Lembro-me que quando conheci o Studio Ghibli, eu decidi que queria assistir todos os filmes que já tinham sido lançados pelo estúdio. Na época, eu já tinha assistido A Viagem de Chihiro, O Reino dos Gatos, O Castelo Animado, e todos eles tinham uma mensagem em comum – e final feliz, que eu não dispenso.
Então ouvi falar de Hotaru no Haka, ou como nós chamamos aqui, Túmulo dos Vagalumes. O filme não é dirigido por Hayao Miyazaki, e sim, uma criação de Isao Takahata, conhecido por gostar de mostrar em seus filmes, o dia-a-dia das pessoas comuns. Então, eu baixei o filme e fui assistir, sem ler nenhuma sinopse para saber do que se tratava.
Começando pela história, todos nós algum dia estudamos a Segunda Guerra Mundial.

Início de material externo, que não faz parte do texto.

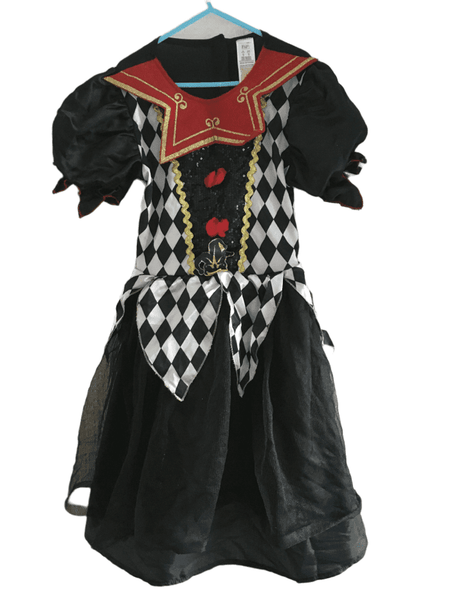 Harlequin Clown Girls Black and White Jester Fancy Dress Costume - Girls 9-10yrs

Aprendemos que havia dois lados, os “bons” e os “maus”. E no lado dos maus, falava-se em Itália, Alemanha e Japão. Alemanha tinha Hitler, o exterminador de Judeus, a Itália tinha Mussolini, e o Japão tinha um Imperador e muitos kamikazes. A justificativa para Hitler era proteger a raça ariana, pura, e aprendemos também que os seus aliados pensavam da mesma forma. E aí, vemos toda a história contada em filmes épicos, como Pearl Harbor, que conta a história da batalha entre uma fortaleza americana e os kamikazes japoneses, onde as vítimas, obviamente, são os americanos. Mas, e o outro lado?
Bem diz um ditado que a história é contada pelo lado vencedor, e isso é muito verdade. Quando os professores falavam dos kamikazes, eu acreditava piamente que eram malucos, se matando a troco de nada – honra? Não temos a cultura aqui de morrer por honra. E os muçulmanos que se explodem por aí, serão seus ideais tão diferentes assim dos kamikazes?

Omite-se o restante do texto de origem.